Neste contexto, a Região Norte, um dos celeiros do folclore nacional, está entre as mais afetadas pelo coronavírus e tem, frequentemente, aparecido nos noticiários por conta do caos na Saúde. Que tal aproveitar o ensino remoto para levar essas criaturas e seres fantásticos para a aula e reforçar com os seus alunos do Ensino Fundamental 1 que o Norte do Brasil é repleto de cultura e diversidade? 

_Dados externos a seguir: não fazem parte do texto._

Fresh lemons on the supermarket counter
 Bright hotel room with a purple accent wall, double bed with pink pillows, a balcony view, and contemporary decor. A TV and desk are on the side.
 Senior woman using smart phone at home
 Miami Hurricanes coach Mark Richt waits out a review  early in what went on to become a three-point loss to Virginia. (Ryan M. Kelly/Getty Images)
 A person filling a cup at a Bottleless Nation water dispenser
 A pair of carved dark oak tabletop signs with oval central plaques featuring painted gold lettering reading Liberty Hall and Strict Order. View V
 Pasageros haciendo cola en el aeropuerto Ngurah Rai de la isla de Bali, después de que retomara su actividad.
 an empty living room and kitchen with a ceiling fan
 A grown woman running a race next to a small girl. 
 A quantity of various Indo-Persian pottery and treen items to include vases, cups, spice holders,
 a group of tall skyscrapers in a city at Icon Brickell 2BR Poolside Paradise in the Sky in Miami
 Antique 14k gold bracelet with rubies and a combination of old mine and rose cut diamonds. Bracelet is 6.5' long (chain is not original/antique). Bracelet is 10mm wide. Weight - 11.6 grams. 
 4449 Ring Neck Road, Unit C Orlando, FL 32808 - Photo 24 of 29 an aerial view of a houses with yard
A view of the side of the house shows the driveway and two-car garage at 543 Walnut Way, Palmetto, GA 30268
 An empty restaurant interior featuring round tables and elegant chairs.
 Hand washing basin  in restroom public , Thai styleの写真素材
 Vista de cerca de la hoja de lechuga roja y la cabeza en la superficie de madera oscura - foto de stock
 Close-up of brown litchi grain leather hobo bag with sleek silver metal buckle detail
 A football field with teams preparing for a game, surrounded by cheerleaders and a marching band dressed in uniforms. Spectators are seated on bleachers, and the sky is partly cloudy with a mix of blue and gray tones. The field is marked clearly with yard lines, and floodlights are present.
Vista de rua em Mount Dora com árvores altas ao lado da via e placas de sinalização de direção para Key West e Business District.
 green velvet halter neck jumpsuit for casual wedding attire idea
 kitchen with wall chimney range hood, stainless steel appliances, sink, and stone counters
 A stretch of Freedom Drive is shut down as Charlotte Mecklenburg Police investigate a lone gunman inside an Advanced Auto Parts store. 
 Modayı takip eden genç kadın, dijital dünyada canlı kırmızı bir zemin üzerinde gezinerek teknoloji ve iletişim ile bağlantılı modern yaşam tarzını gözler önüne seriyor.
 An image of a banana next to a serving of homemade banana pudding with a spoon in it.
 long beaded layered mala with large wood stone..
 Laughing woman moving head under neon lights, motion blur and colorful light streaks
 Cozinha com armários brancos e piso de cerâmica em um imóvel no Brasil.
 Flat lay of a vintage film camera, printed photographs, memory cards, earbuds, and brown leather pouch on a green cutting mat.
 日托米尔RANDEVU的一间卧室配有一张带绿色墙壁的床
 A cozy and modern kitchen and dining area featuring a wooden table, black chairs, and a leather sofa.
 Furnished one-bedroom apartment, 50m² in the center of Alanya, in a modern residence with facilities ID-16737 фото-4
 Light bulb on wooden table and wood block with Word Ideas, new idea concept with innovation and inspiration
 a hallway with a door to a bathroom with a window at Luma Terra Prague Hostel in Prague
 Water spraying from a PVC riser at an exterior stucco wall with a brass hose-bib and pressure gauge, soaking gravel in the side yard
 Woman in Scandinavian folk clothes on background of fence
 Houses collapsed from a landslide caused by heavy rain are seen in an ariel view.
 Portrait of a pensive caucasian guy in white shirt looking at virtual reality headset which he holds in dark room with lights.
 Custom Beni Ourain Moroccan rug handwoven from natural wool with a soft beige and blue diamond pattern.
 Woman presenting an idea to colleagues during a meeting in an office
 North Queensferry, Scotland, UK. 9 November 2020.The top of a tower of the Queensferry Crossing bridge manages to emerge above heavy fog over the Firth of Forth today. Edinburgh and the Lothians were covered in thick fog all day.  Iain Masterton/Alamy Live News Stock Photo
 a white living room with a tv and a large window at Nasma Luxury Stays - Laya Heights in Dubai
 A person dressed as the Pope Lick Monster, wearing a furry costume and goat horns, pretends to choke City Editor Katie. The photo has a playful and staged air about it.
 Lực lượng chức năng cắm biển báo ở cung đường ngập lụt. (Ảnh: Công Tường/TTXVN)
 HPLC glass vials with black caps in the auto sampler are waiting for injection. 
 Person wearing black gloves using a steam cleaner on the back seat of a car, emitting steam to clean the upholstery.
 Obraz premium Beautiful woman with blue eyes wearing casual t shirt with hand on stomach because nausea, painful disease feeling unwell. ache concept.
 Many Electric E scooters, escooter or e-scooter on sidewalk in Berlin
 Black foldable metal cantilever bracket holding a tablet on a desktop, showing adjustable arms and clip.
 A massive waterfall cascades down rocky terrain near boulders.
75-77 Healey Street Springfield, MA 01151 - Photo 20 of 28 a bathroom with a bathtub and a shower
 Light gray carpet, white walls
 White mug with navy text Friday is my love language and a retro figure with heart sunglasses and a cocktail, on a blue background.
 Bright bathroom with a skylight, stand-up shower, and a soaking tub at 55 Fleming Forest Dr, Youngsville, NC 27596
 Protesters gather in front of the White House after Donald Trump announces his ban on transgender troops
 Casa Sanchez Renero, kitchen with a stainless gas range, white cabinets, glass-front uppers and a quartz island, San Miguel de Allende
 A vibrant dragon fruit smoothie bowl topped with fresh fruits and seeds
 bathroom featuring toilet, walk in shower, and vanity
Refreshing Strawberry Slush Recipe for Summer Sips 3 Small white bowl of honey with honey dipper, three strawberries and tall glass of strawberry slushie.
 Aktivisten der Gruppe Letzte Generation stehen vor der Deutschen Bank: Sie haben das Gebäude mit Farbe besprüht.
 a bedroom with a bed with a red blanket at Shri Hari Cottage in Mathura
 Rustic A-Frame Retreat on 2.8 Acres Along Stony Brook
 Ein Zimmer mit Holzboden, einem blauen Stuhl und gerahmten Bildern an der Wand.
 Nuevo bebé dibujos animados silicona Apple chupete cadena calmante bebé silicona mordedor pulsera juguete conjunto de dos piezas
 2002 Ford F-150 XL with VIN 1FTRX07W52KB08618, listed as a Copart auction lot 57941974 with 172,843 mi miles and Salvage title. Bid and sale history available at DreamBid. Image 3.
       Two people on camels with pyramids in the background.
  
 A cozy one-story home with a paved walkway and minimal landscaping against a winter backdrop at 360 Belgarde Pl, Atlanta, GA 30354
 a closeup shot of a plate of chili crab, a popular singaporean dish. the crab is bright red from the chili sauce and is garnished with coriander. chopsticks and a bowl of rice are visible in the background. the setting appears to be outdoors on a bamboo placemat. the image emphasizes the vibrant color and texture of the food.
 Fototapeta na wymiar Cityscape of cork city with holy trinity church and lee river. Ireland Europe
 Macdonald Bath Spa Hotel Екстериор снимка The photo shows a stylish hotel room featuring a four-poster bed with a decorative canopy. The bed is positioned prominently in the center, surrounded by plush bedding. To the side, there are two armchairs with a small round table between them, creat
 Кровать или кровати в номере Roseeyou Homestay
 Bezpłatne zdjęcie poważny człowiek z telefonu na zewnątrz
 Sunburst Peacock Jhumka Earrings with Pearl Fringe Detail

Para Januária Cristina Alves, autora do livro Abecedário de Personagens do Folclore Brasileiro, a primeira coisa que o professor tem de fazer é desconstruir seus próprios preconceitos para, em seguida, trabalhar com o tema. Afinal, “ninguém é um lugar onde nunca foi”. “É necessário que o educador observe como ele se relaciona com esses mitos, como trabalha essas questões dentro de si, de sua imaginação, e como essas narrativas reverberam dentro dele”, afirma (leia a íntegra da entrevista aqui). Do contrário, segundo Januária, fica difícil levar essas histórias fantásticas para a sala de aula. 

Cuidados ao abordar o folclore da Região Norte

Durante muito tempo, o grande problema do ensino de folclore foi a frequente ausência de distinção entre mitos e lendas. É o que afirma o  jornalista e pesquisador em folclore Andriolli Costa. Segundo ele, outro erro desse processo foi resumir o folclore à cultura indígena, o que vale a pena ser destacado especialmente no contexto da Região Norte, onde vive parte significativa dos povos originais do Brasil. “É claro que, como todo grupo humano, os indígenas também vivenciam saberes tradicionais, e se são saberes tradicionais identitários, passados de geração a geração, são também saberes folclóricos”, frisa. 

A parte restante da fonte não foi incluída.